Away from the main stream media, Tim Berners-Lee's startup Inrupt, the founder of the World Wide Web, is working on Solid, a successor to the Internet.
Companies like Facebook and Google are among the most valuable companies in the world. What makes them valuable is their enormous amount of data. Mainly data they collect from users. Facebook's nearly three billion users represent a tremendous amount of data. This explains why the company is worth USD 600 billion on the January 2020 stock exchange. That is 200 euros per Facebook user. Also other major “siren serversLike Google and Twitter become rich by luring users to their server park with “free” services.
Monopolists that are almost impossible to escape
At the moment, almost everyone uses this social network. Facebook is also consuming more and more of the rest of the internet. More and more readers are leaving Facebook no more, but read news, make purchases and watch videos on the social networking site. This, of course, to the grumpiness of publishers. Because fewer readers means less advertising income and subscriptions. But not only publishers notice the disadvantages. These websites often know more about their users than they do and sell this information to the highest bidder. In 2019 it also became clear that they are increasingly involved in politics and the news. So left the banishment of Black Pete caused a lot of controversy by the social media giants Facebook and Youtube in the Netherlands. Your conversations via Whatsapp are also a valuable data source. Google and Facebook have applied for patents for detecting emotions from voice sounds.
Or is it? Enter Solid and pods
Tim Berners-Lee, the inventor of WWW and with it the internet as we know it, came up with a concept, Solid. Solid, in full Social Linked Data, is based on a system where the user himself is the owner of his 'safe' with personal data: his pods (personal online data stores).

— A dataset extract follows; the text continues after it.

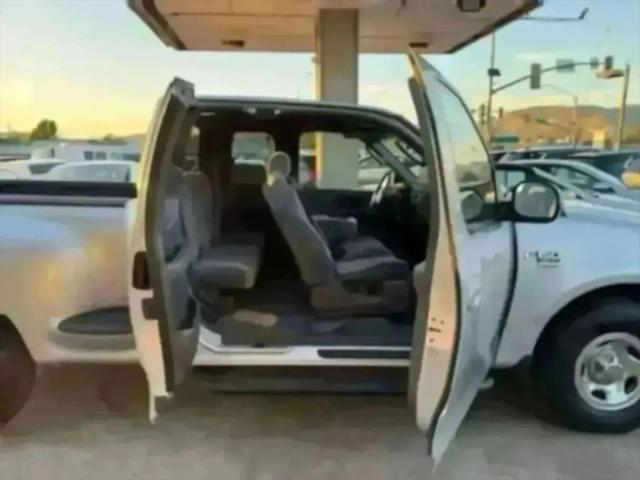 2002 Ford F-150 LARIAT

These personal data are then stored on their own server, for the more technically gifted, or on a public server. From an internet provider, for example. Each app you use then uses a portion of this data storage approved by you. So whether you use Microsoft Excel, or OpenOffice Calc, or choose Twitter, Parler or Mastodon, the data you use is in the same place. And the app can only access the data that you approve. So don't spy on your spreadsheet in your medical record. Or from your financial software in your holiday videos. You can switch painlessly from one app to another. Without your data suddenly becoming unreadable. Even better is that your holiday snaps, your love prose and your blooper videos remain under your control forever. Without a Facebook algorithm calculating your creditworthiness, chance of a divorce or your political preference.
How much chance does Solid have?
The dissatisfaction among the more thoughtful netizens is great. The major operators of siren servers have already made it clear that they don't shy away from making a profit. Unfortunately, our starting position, that of the internet users who love freedom, is difficult. The internet giants have taken over a very large part of the internet. And a lot of personal information stored. Trying to break free from their grip is tantamount to amputating a limb. So we will have to make hard and painful choices. I personally, and visionair.nl, have already partly done this.
What can we do?
Solid is looking for programmers and developers. If you want to make an existing product suitable for Solid, you can download the source code from Solid's GitHub. Or host your pods on your own web server. Do you have fiber and a permanent IP address? Then you are basically already in business. You can also host your pods at one of the participating companies.
Sources of relevant information below.